Source records =>
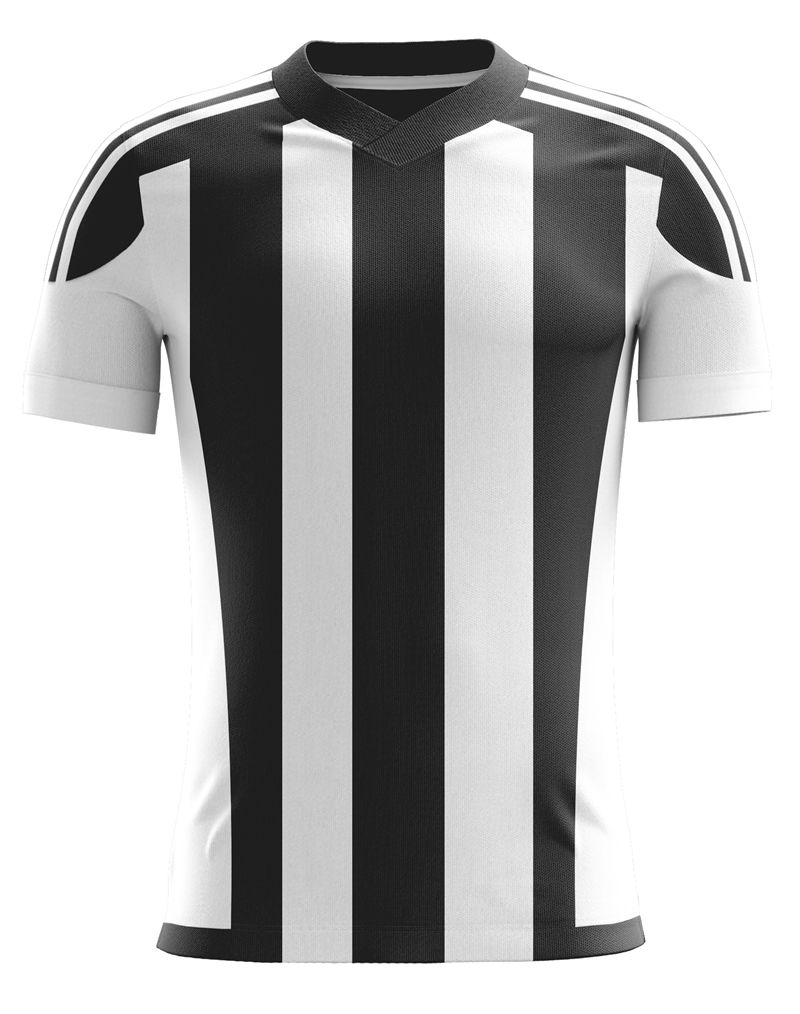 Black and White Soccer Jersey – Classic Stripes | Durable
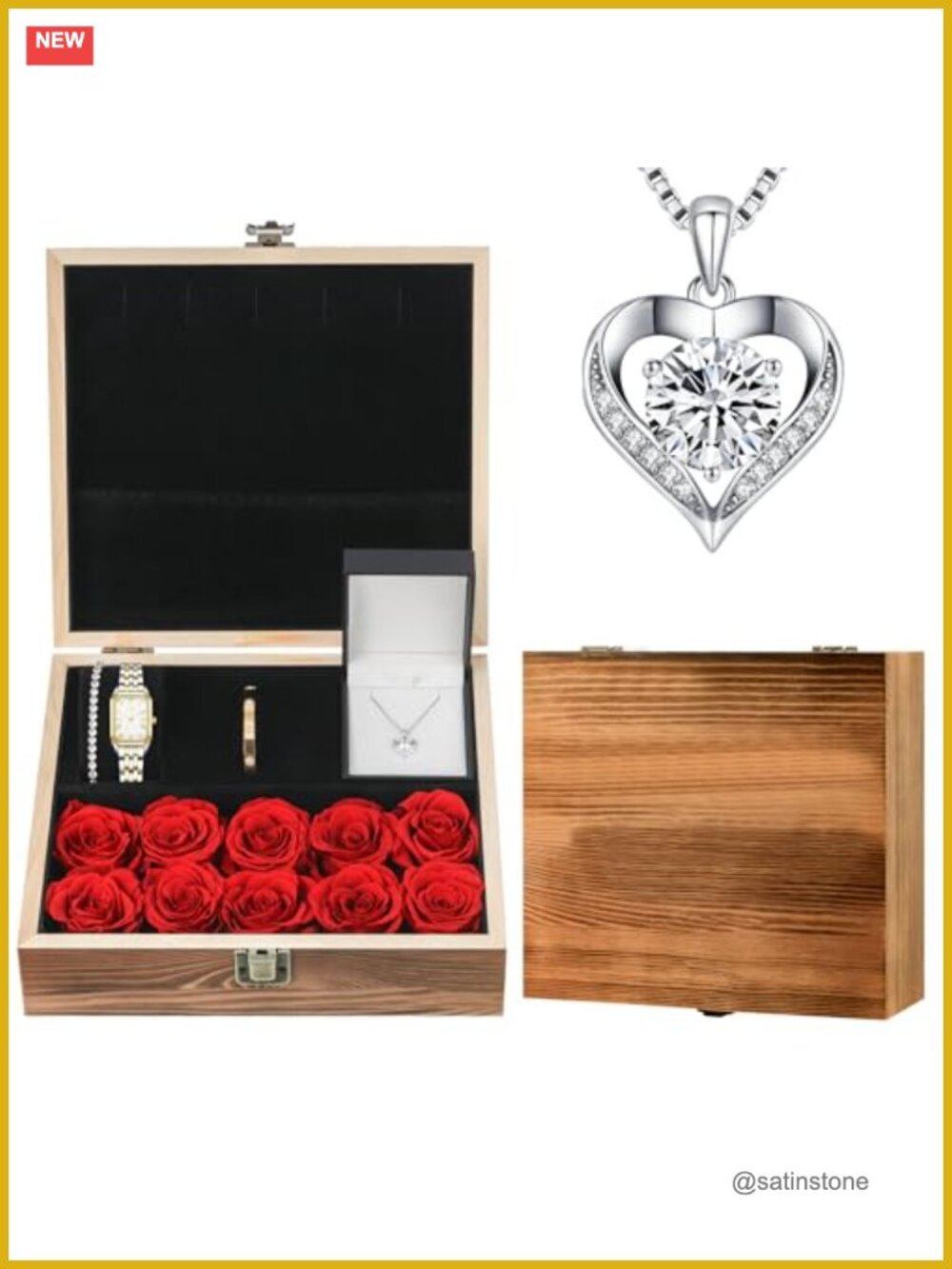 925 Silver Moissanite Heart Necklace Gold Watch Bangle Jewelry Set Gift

...

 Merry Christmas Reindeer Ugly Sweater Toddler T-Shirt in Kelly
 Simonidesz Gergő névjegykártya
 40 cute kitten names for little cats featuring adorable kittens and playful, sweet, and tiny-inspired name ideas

---

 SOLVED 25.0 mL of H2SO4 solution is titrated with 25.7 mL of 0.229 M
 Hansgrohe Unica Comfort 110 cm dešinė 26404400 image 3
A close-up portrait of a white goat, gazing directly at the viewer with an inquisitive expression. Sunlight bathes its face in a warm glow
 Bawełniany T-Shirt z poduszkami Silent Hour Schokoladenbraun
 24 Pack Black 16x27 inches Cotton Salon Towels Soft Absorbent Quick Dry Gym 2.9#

Work to complete =>
What is asked for is an exact copy of the lines above from the one containing "Simonidesz Gergő névjegykártya" through the one containing "40 cute kitten", and only those.

Exercise result =>
 Simonidesz Gergő névjegykártya
 40 cute kitten names for little cats featuring adorable kittens and playful, sweet, and tiny-inspired name ideas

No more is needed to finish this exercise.